__TASK PROMPT__
Nothing but the lines from the one holding "White Ford Mustang" to the final line of the listing below, both included, should be repeated, and each must match exactly. Omit pictures.

__SOURCE DATA__
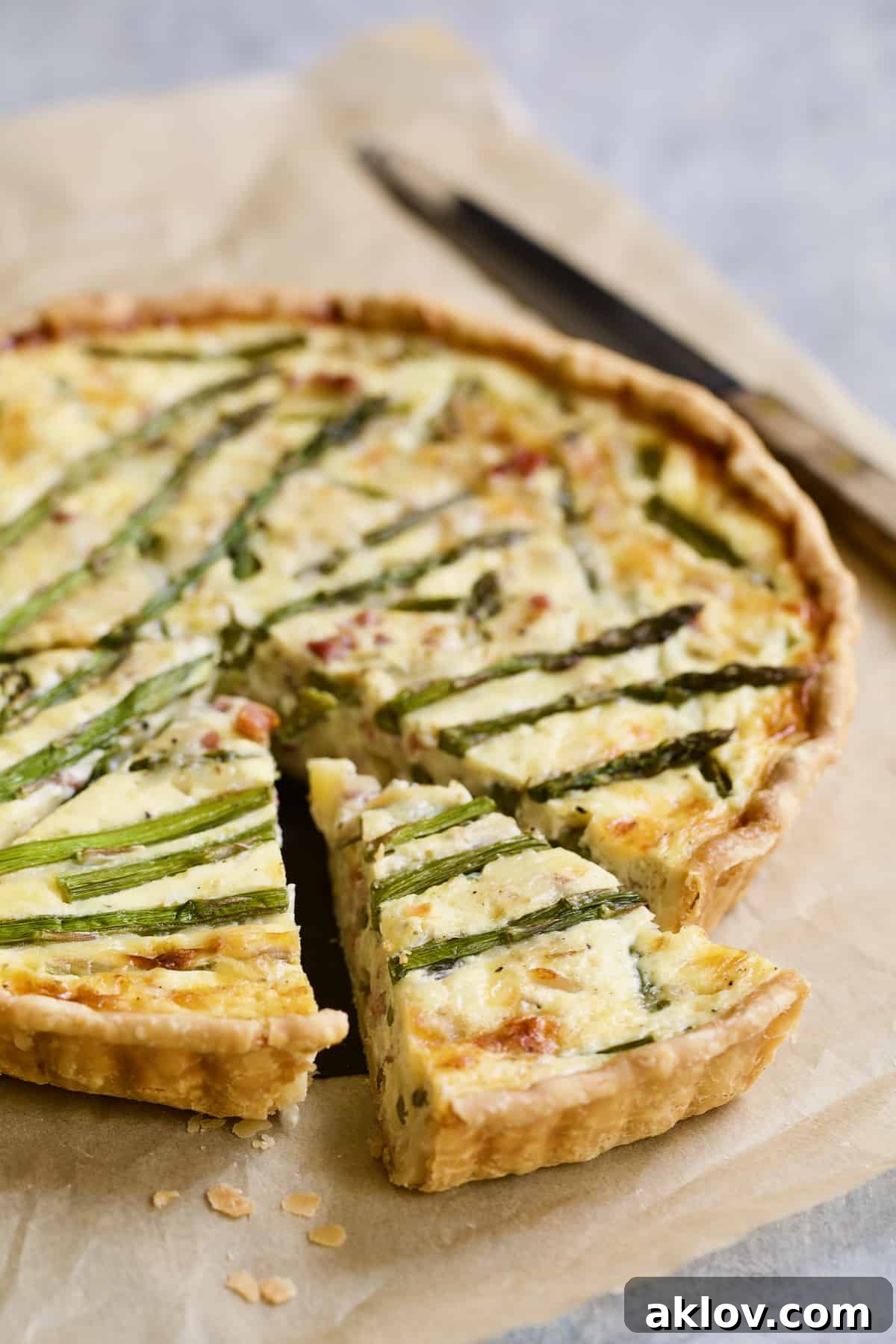 Savory Asparagus Tart with Prosciutto and Fontina 12 Photo of a fully baked Asparagus Prosciutto and Fontina Tart on brown parchment paper, with three wedges already cut and removed, showcasing the golden crust and vibrant filling.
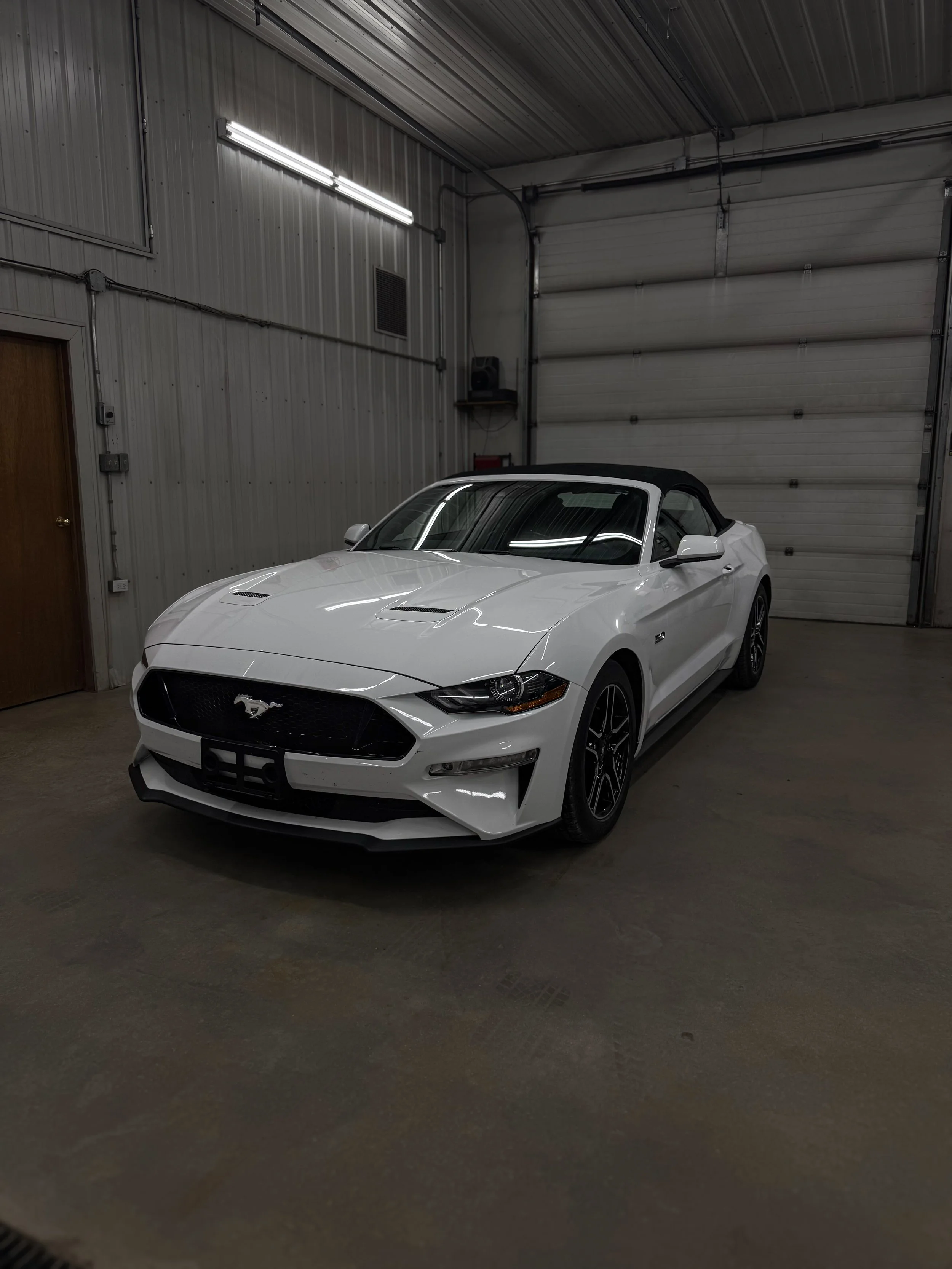 White Ford Mustang convertible parked inside a garage with metal walls and a large roll-up door.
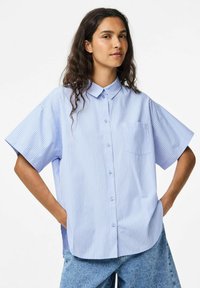 Zilā un baltā svītraina īsām piedurknēm krekls ar pogas leju apkakli, ar krūšu kabatu un brīvu piegriezumu.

__RESPONSE BELOW__
 White Ford Mustang convertible parked inside a garage with metal walls and a large roll-up door.
 Zilā un baltā svītraina īsām piedurknēm krekls ar pogas leju apkakli, ar krūšu kabatu un brīvu piegriezumu.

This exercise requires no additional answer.